= Source material =
--- START ---

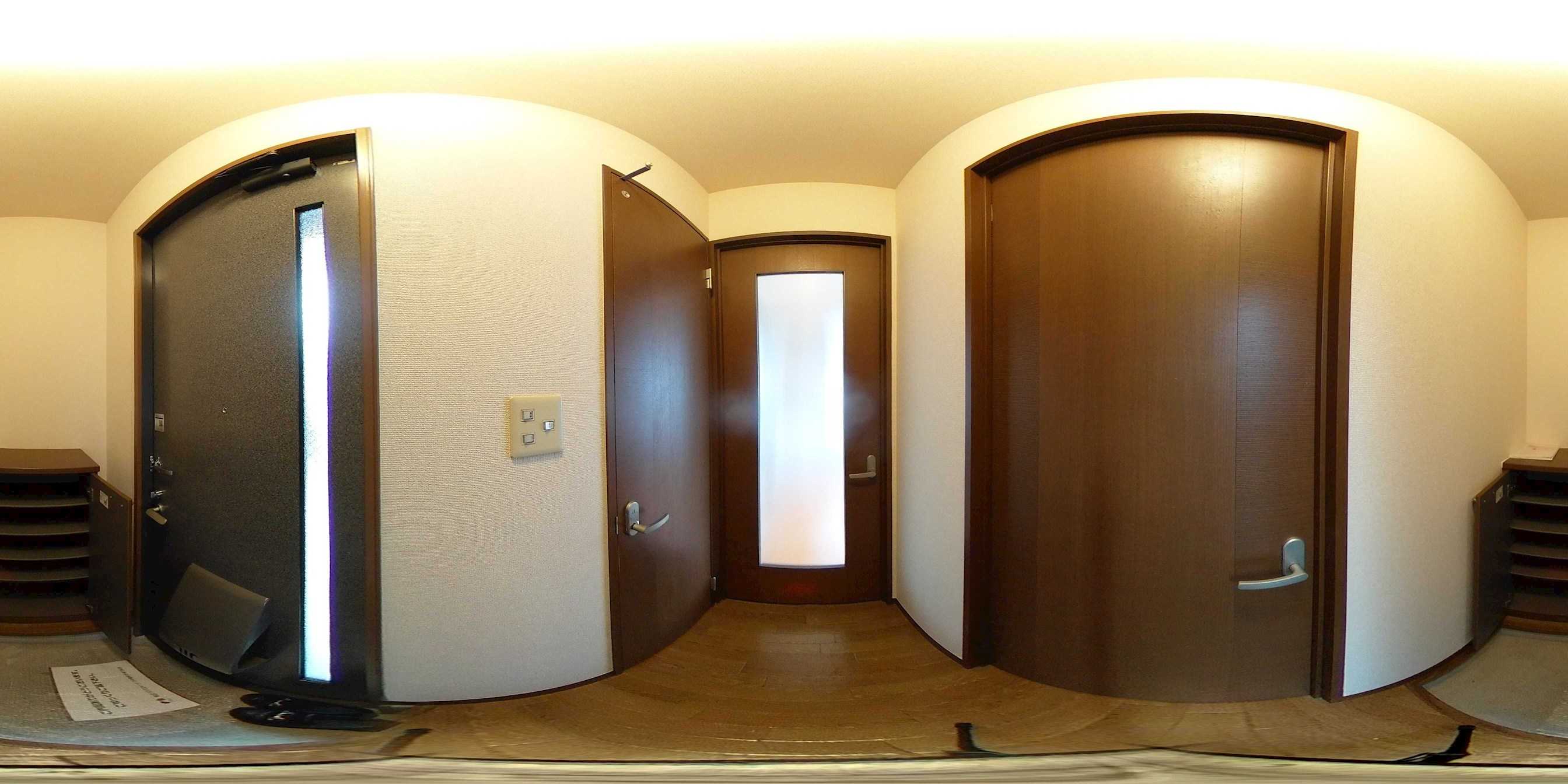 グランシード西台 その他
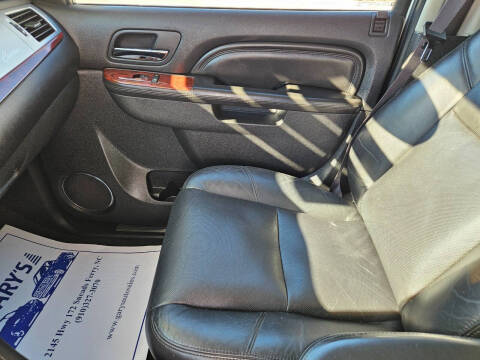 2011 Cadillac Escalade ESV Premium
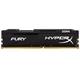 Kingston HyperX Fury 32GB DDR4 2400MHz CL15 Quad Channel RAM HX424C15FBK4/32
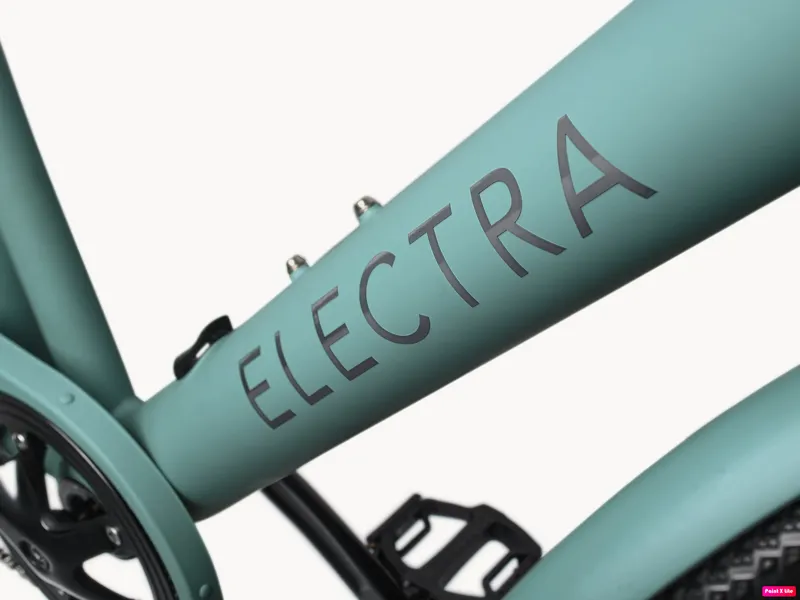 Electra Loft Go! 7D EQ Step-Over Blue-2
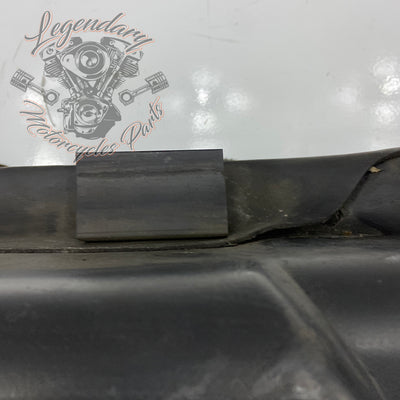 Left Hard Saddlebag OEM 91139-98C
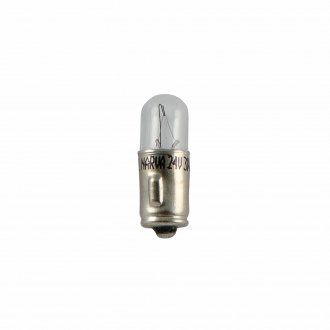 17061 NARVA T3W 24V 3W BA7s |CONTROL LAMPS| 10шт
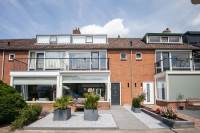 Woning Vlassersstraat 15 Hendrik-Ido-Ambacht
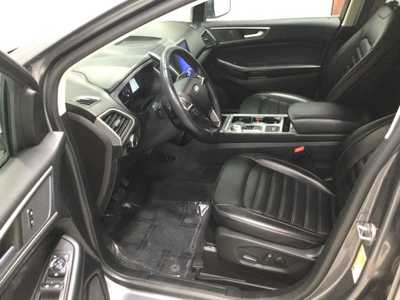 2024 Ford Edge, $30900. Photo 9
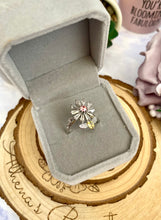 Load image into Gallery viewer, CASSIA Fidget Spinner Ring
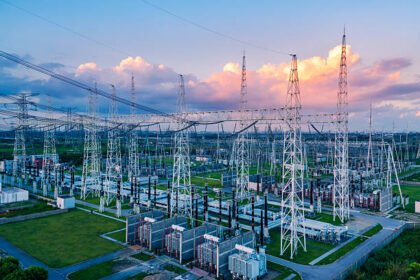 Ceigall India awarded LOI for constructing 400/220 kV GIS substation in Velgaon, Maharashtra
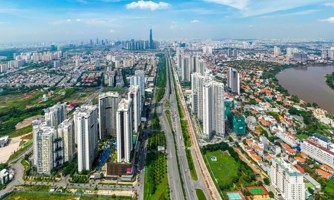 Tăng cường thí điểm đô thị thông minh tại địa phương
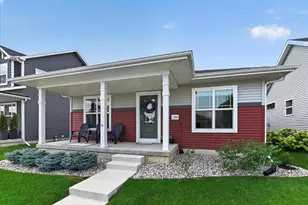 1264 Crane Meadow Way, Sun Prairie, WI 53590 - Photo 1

--- END ---

= Task to carry out =
An exact copy is required of the lines from the one holding "17061 NARVA T3W" to the end of the entries above, both included; no pictures belong in it.

= Answer space =
 17061 NARVA T3W 24V 3W BA7s |CONTROL LAMPS| 10шт
 Woning Vlassersstraat 15 Hendrik-Ido-Ambacht
 2024 Ford Edge, $30900. Photo 9
 Load image into Gallery viewer, CASSIA Fidget Spinner Ring
 Ceigall India awarded LOI for constructing 400/220 kV GIS substation in Velgaon, Maharashtra
 Tăng cường thí điểm đô thị thông minh tại địa phương
 1264 Crane Meadow Way, Sun Prairie, WI 53590 - Photo 1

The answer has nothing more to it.